## Work instruction
Whatever appears in the records apart from pictures must be reproduced exactly.

○ ○ ○ ○ ○ ○ ○

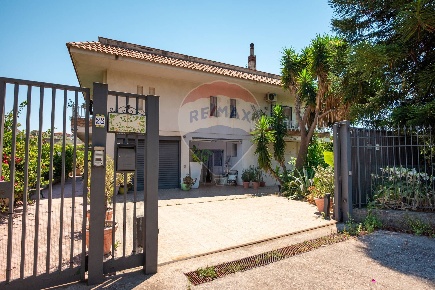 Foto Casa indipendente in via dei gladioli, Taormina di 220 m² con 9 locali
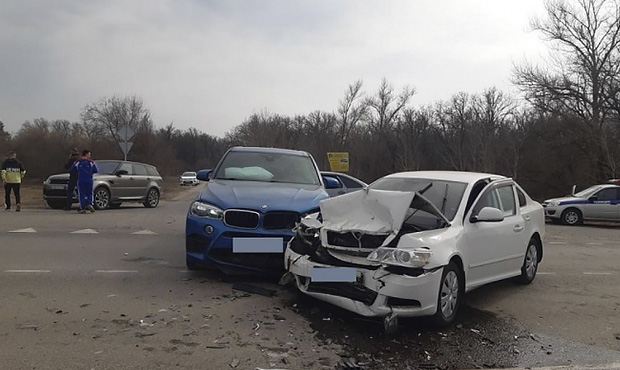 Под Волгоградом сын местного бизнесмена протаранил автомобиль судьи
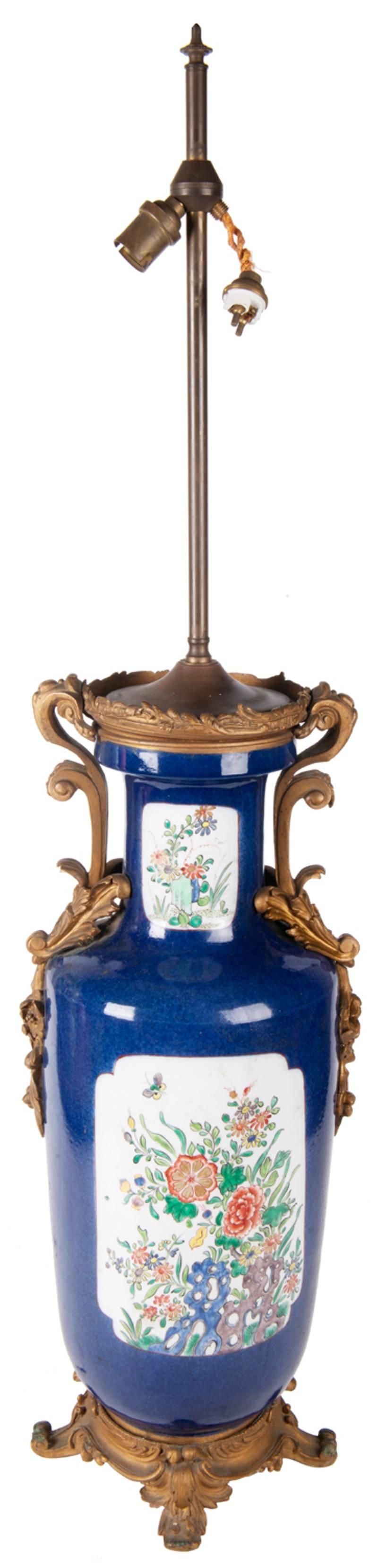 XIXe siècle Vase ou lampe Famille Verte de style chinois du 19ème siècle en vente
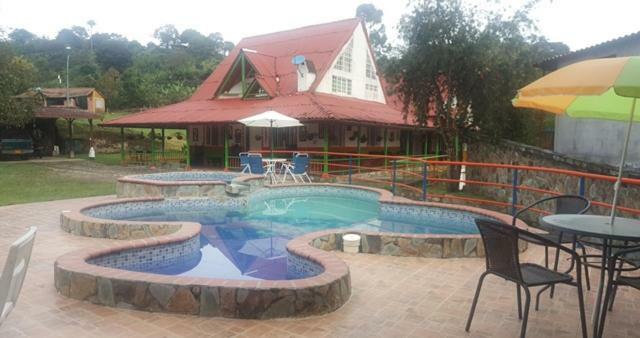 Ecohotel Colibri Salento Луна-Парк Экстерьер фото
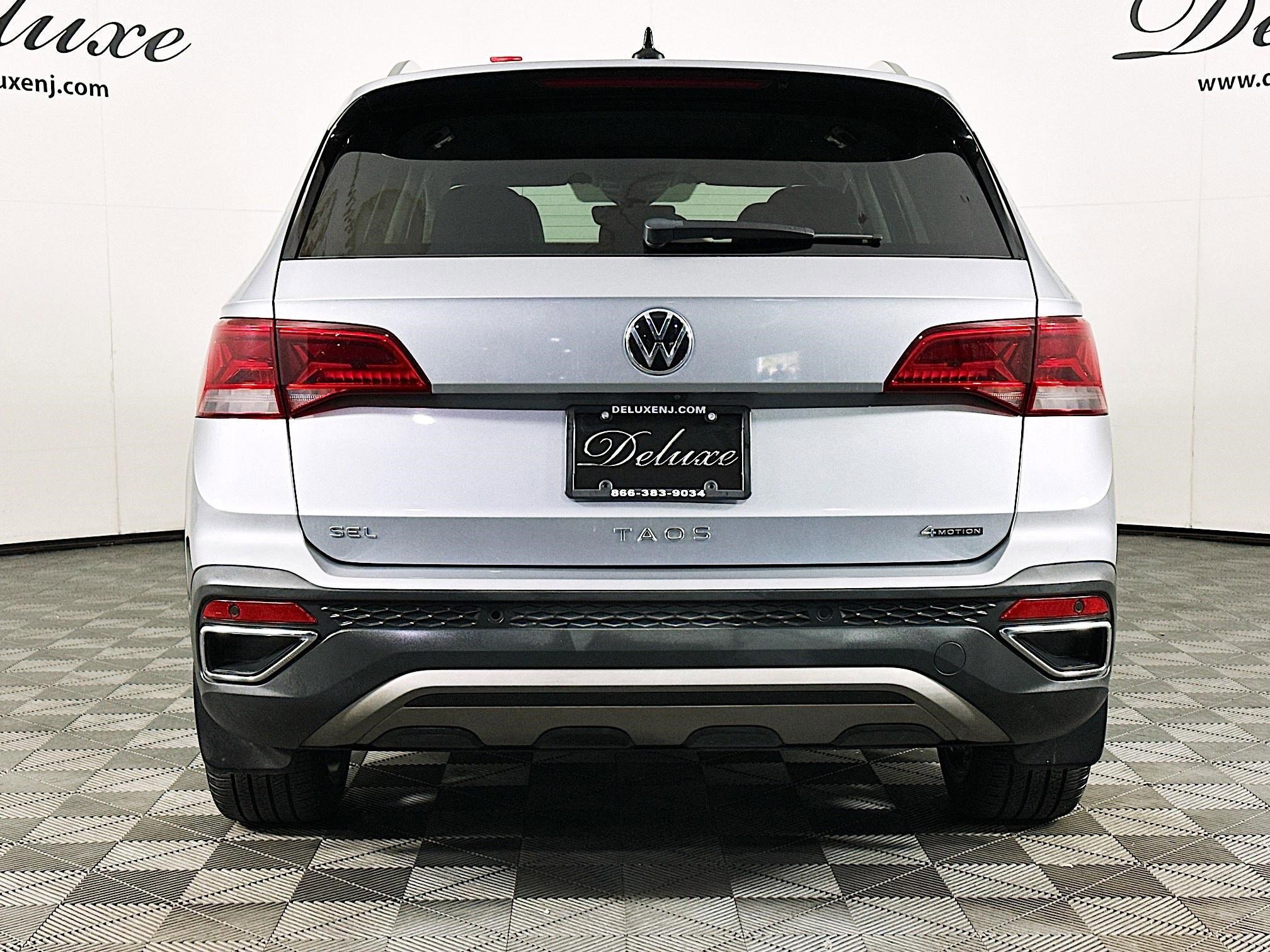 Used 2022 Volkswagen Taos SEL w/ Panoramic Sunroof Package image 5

○ ○ ○ ○ ○ ○ ○

## Answer for the task
 Foto Casa indipendente in via dei gladioli, Taormina di 220 m² con 9 locali
 Под Волгоградом сын местного бизнесмена протаранил автомобиль судьи
 XIXe siècle Vase ou lampe Famille Verte de style chinois du 19ème siècle en vente
 Ecohotel Colibri Salento Луна-Парк Экстерьер фото
 Used 2022 Volkswagen Taos SEL w/ Panoramic Sunroof Package image 5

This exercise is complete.